I had just finished sealing the letter with a bit of wax when I heard the commotion down in the kitchen. Ana Lucia was yelling at our maid, Hanna. Poor Hanna was often the target of my stepmother’s wrath. We’d once had four full-time house staff. But the war had meant sacrifices for everyone, and in my stepmother’s world that meant making do with one servant. Hanna had been our maid, a tiny waif of a girl from the country with no family of her own—she was the only one willing to take on the work of the entire household staff and so she was the one who stayed, gamely managing housekeeper and butler and gardener and cook duties all at once because she had nowhere else to go.

I wondered what the subject of my stepmother’s wrath was today. Cherries, I learned when I went downstairs. “I have promised Hauptsturmführer Kraus the best sour cherry pie in Kraków for dessert tonight. Only we have no cherries!” Ana Lucia’s cheeks were flushed hot pink with anger, as if she had just stepped from the bath.

“I’m sorry, ma’am,” Hanna said. Her pockmarked face bore a flustered expression. “They’re out of season.”

“So?” The practicalities of the situation were lost on Ana Lucia, who wanted what she wanted.

“Perhaps dried cherries,” I offered, trying to be helpful. “Or canned.”

Ana Lucia turned toward me and I waited for her to reject my suggestion out of hand, as she always did. “Yes, that,” she said slowly, as though surprised I had a good idea.

Hanna shook her head. “I tried. There are none to be had at market.”

“Then you go to other markets!” Ana Lucia exploded. I feared my suggestion, though well-intentioned, had just made the poor girl’s situation worse.

“But with the roast to cook...” Hanna’s voice sounded helpless, aghast.

“I’ll go,” I interjected. They both looked at me with surprise. It was not that I wanted to help my stepmother appease the appetite of some Nazi pig. To the contrary, I would sooner shove the cherries down his throat, pits and all. But I was bored. And I wanted to go out to the post office to deliver my letter to Maciej, so I could do both in one trip.

I expected my stepmother to protest, but she did not. Instead, she passed me a handful of coins, vile reichsmarks that had replaced the Polish zloty.

“I heard there might be some cherries to be had in Dębniki,” Hanna offered, her voice full with gratitude.

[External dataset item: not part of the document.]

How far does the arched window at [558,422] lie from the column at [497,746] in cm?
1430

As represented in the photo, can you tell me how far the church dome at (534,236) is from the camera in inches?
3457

“Across the river?” I asked. Hanna nodded, pleading with her eyes for me not to change my mind. Dębniki, a district on the far side of the Wisła, was at least thirty minutes by tram, longer on foot. I had not planned on going so far. But I had said I would go and I could not abandon Hanna to my stepmother’s wrath a second time.

“The pie has to be in the oven by three,” Ana Lucia said haughtily, instead of thanking me.

I put on my coat and picked up the small basket I often used for shopping before starting from the house. I might have taken the tram, but I welcomed the crisp, coal-tinged air and the chance to stretch my legs. I followed Grodzka Street south until I reached the Planty, crossing the now-withered swath of parkland that ringed the city center.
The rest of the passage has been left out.